I can see the GSD part in him, I can see the chow part in him. I can totally see that a well bred, active, drivey, intelligent GSD would be EASY to train IF you are well armed with knowledge, time, and patience.

It's an uphill battle for me regardless; I keep having to look up "patience" in the dictionary to remember what it means.


----------



## SunCzarina (Nov 24, 2000)

Mine have been easy to train but they all had a stubborn head about something... 

Prince never accepted my dad's twin brother.

Baron refused to over with a dumbbell in his mouth. He would carry the dumbbell endlessly, he would even carry it AROUND the gate, put it down and go back to go over but never could get him to go over with it in his mouth.

Rex hated his leash. 

Luther never 'spoke' on command. For 5 years, he looked at me like I was retarded for getting him to try.

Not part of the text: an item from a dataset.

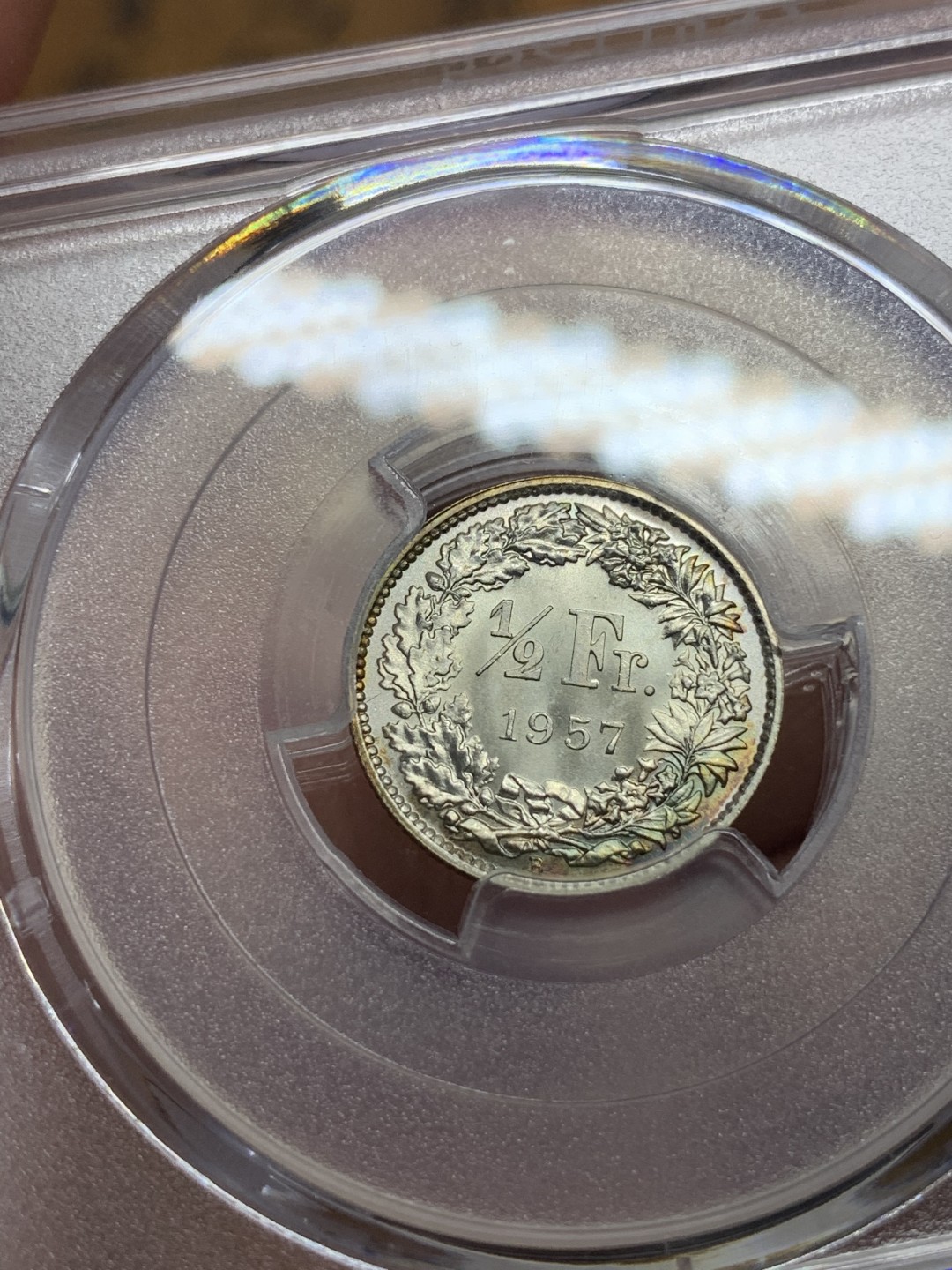 《竞宝斋》第100场-纪念拍卖 (全场包邮)中拍得限量纪念章 PCGS MS66 瑞士 1957年 女神 1/2法郎 银币 不多见的年份 状态极佳 评级费150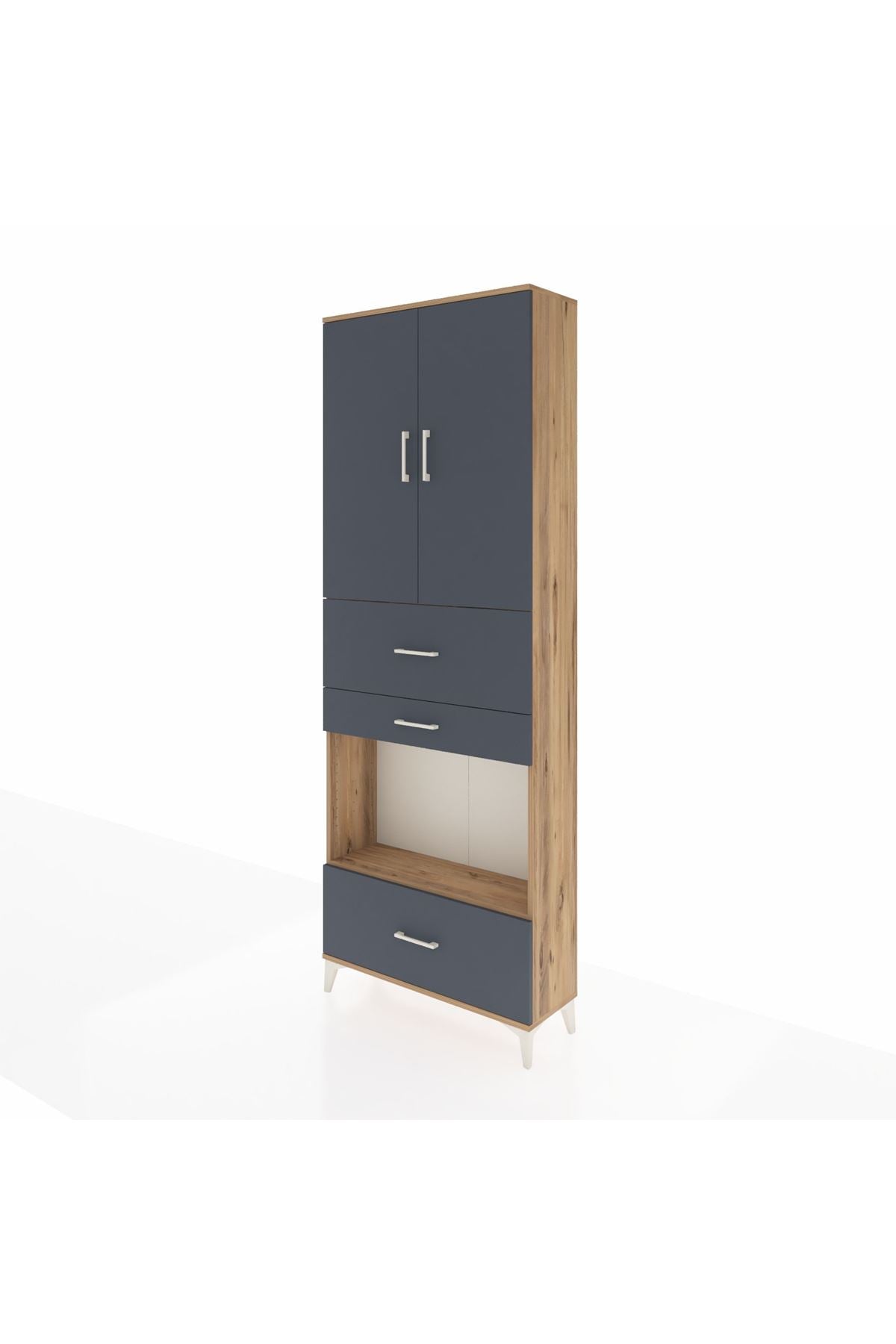 Arges Dolap 4 Raflı 3 Çekmeceli 2 Kapaklı 88x30x243 - S33M173V8A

Gideon wouldn't stop trying to chew on small dogs.

Morgan may someday learn she IS NOT to go thunderbutting down the stairs when my children are walking down. I'm trying liverwurst right now...


----------



## Cooper&me (Dec 18, 2007)

Training a shepher is true bliss. My boxer has agility, rally tittles and TONS of obedience titles. That said after this shepherd there is nothing like it. I would say I would never have another breed but I really like the Mals.


----------



## Timber1 (May 19, 2007)

My GSD is an European male and the easiest dog to train I have ever owned.

However, I am also acting as a rescue for a White German Shepherd Female, and I have never met a more difficult dog to train. As near as I can tell the dog had been moderately abused so my training revolves around kindness and treats. My success with this dog has not been good. She just shys away from everything.


----------